I've been to the Brookside before, which I thought was the case but then knew was the case once I pulled off the main road into Marine on St. Croix. My wife and I and a handful to a couple handfuls of friends used to camp every year a bit farther north, on the banks of the St. Croix. For years we camped on the Minnesota side and then switched to the Wisconsin side, where the group sites are in the remotest part of the campground (if you're going, these Wisconsin sites get my five-star rating). During the days, we'd drive around the area and hit up small-town bars and grills, the Brookside being one of many in the area, one of many we enjoyed. During a dry year on one of the those trips, when the river seemed low and slow—you could walk three-quarters of the way acroos starting from the Minnesota side on a sandbar with your head and shoulders above water—I and my brother decided we were good enough swimmers to get across the rest of it, where where the channel deepened. Long story short: It was a dumb idea. We almost drowned. Once we made it to the Wisconsin side, we just started walking toward the camps along whatever trails we could find. We hoped our camping party would get in a vehicle and come find us. Which they did. But we'd put in a lot of sore, barefoot mileage before they got to us.

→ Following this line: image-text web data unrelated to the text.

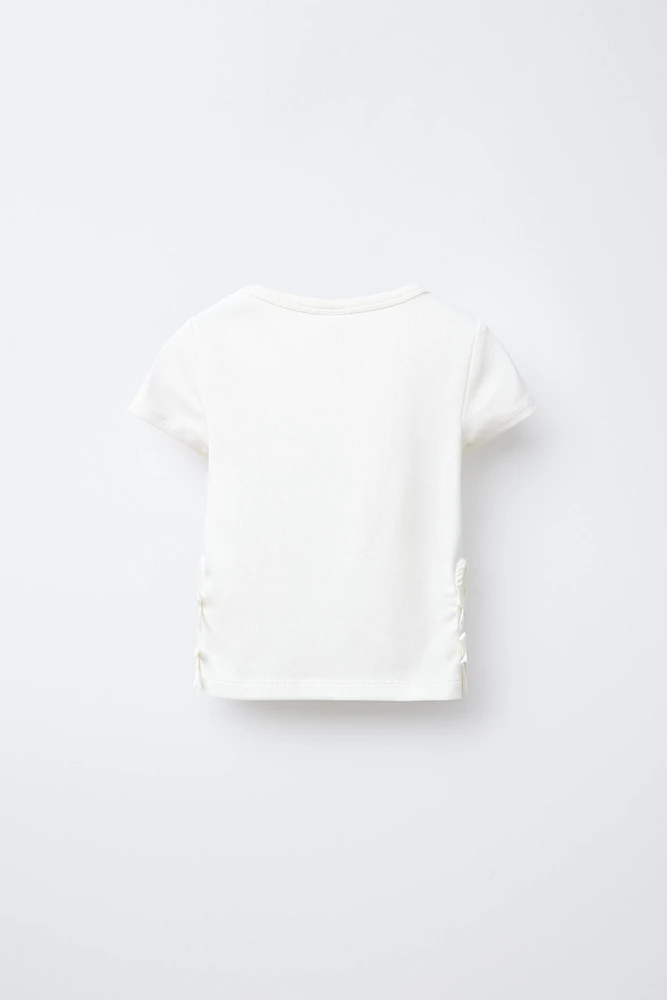 RIBBED CUT OUT BOW T-SHIRT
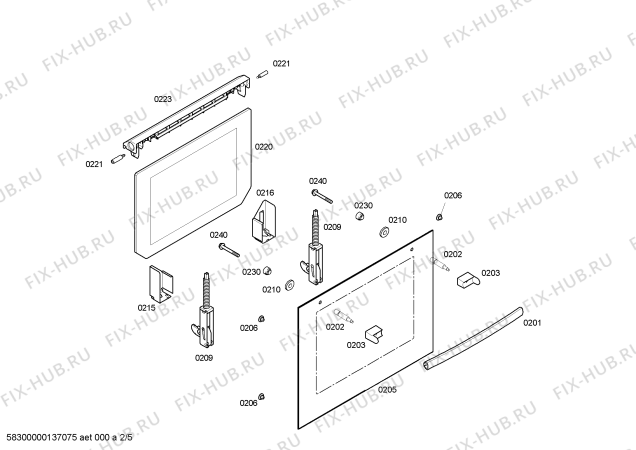 Взрыв-схема плиты (духовки) Bosch HBA23B220E Horno bosch indpnd.multf.blanc.reloj cif - Схема узла 02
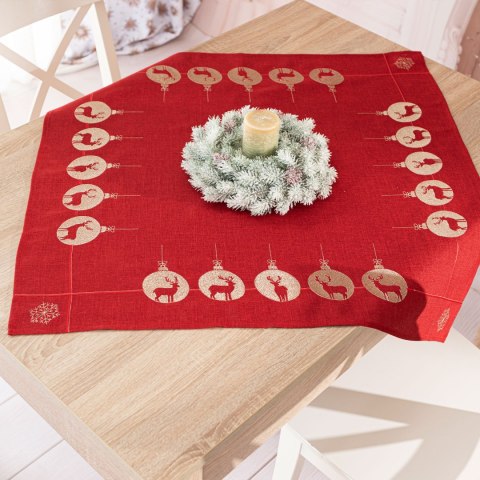 BŁYSZCZĄCY RENIFER Serweta z haftem, szerokość 85cm x wysokość 85cm, kolor 003 czerwony 295157/KSP/L03/085085/1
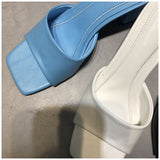 2020 New Brand Women Slipper Summer Outdoor Sandal Square High Heel Slip On Flip Flop Elegant Women Slides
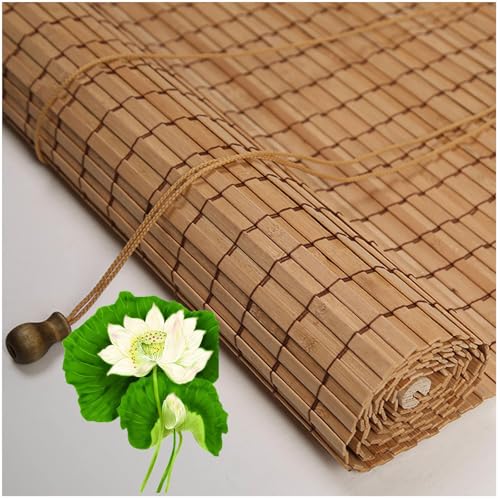 Estores Enrollables De Bambú Natural,Persianas De Bambú,Estores Romanas Vintage,Persianas Enrollables De Bambú Blackout,Cortinas Privacidad,para Ventanas Interiores Exteriores,WxH-105x160cm/41 * 63in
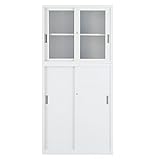 ≪セット商品≫ 【HCB-A432G-A434S-SET】 キャビネット 書庫 収納 完成品 A4サイズ対応 ガラス引戸書庫+スチール引戸書庫 戸棚 書棚 【オフィス家具市場オリジナル:日本製】 W880×D400×H1850 ホワイトグレ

I debuted my small town bar and grill reading set—light on the commentary, heavy on the shorter, punchier poems—which needs some tweaking. I read mostly from my reading copy of the book, the pages marked with colored tabs, the colors indicating sorts of poems I may or may not want to include, depending on how the audience is feeling. It can be hard to hear in bar readings with some people there just to eat or drink and not to listen to poetry. It can be hard to hear yourself and pay attention to what you're doing. All in all, it was typical in that regard, although a lot of people who seemed at the start to be there to drink and socialize it turns out were interested in the reading, but a little shy about it, this being the first time such a thing has occurred at Brookside.
Rosie is a great writer herself. She was a mentor for the Write Like Us program awhile back and visited my Into to Creative Writing class. She was on fire and the class loved her. It felt good to return the favor and to make the long drive that Rosie makes whenever she does events in the Twin Cities.
Rosie says the readings will be a monthly thing. Lots of live music on weekends, too. The Guinness and walleye fingers were perfect pub grub. Brookside in Marine on St. Croix: It’s worth a trip. It’s worth becoming a kind of regular. If you know Rosie at all, you know that the music and lit and Guinness come with lots of love, inclusivity, and generous and free helpings of hugs. See you there.
PHOTO: The inimitable Rosie Peters at the mic, launching the Brookside reading series.